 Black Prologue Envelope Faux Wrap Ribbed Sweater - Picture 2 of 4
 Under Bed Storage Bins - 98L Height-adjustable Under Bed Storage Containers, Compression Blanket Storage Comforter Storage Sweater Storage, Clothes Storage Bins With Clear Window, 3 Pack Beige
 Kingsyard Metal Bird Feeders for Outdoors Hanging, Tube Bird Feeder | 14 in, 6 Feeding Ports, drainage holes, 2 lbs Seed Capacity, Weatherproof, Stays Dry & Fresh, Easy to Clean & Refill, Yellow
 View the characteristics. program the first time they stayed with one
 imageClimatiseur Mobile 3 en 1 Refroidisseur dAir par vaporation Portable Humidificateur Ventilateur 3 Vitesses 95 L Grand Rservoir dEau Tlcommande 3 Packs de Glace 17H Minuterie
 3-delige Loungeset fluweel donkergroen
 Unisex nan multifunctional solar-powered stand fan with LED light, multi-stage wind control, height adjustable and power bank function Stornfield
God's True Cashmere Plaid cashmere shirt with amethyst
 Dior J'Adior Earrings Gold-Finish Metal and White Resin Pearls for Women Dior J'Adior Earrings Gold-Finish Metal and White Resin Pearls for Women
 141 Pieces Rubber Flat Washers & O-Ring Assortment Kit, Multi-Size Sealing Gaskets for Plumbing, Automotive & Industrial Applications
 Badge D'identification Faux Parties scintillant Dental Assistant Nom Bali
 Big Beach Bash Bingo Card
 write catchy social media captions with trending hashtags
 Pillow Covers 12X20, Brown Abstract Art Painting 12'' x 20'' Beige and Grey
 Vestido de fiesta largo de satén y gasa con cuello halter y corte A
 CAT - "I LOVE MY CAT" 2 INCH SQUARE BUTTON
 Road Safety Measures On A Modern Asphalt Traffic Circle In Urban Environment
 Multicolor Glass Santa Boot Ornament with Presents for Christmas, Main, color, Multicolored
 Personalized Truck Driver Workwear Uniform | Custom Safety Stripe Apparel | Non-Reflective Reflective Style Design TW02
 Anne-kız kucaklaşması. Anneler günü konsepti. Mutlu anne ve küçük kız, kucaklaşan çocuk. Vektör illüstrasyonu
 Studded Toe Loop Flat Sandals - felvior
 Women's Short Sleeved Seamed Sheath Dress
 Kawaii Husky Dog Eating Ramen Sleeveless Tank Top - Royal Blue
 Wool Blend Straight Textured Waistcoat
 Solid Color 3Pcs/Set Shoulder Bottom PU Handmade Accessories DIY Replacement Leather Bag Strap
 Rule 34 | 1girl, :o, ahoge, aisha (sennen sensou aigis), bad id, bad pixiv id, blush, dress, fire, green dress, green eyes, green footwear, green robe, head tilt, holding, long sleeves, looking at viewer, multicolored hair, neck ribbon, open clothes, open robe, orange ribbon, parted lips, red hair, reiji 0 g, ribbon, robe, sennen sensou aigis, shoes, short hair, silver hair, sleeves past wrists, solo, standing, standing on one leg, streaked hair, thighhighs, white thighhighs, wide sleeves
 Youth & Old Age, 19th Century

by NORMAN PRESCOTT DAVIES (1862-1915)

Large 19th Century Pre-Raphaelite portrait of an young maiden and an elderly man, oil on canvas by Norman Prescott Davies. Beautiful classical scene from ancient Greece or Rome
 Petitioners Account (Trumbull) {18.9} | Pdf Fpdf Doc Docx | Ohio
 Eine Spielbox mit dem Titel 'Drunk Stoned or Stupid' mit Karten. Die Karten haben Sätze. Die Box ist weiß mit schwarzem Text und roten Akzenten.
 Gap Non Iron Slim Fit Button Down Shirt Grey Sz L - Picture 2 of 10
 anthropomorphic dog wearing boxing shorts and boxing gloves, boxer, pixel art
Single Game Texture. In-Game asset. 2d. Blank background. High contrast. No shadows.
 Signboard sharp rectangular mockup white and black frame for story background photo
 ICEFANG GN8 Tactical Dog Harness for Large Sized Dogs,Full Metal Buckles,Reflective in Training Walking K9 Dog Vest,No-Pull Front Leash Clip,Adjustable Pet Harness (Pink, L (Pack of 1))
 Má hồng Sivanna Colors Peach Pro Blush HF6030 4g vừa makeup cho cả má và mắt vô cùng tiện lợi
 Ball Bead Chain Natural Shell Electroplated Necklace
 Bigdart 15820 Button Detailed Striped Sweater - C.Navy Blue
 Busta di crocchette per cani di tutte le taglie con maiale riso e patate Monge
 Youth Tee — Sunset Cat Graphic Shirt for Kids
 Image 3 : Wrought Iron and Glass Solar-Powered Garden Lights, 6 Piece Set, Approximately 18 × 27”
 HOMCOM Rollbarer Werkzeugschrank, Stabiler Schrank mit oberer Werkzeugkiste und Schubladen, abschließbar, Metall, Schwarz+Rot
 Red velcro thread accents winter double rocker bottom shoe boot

ASSIGNED TASK: Take each line of the material that contains the word "Century" and list it.

FINISHED EXERCISE:
 Youth & Old Age, 19th Century
Large 19th Century Pre-Raphaelite portrait of an young maiden and an elderly man, oil on canvas by Norman Prescott Davies. Beautiful classical scene from ancient Greece or Rome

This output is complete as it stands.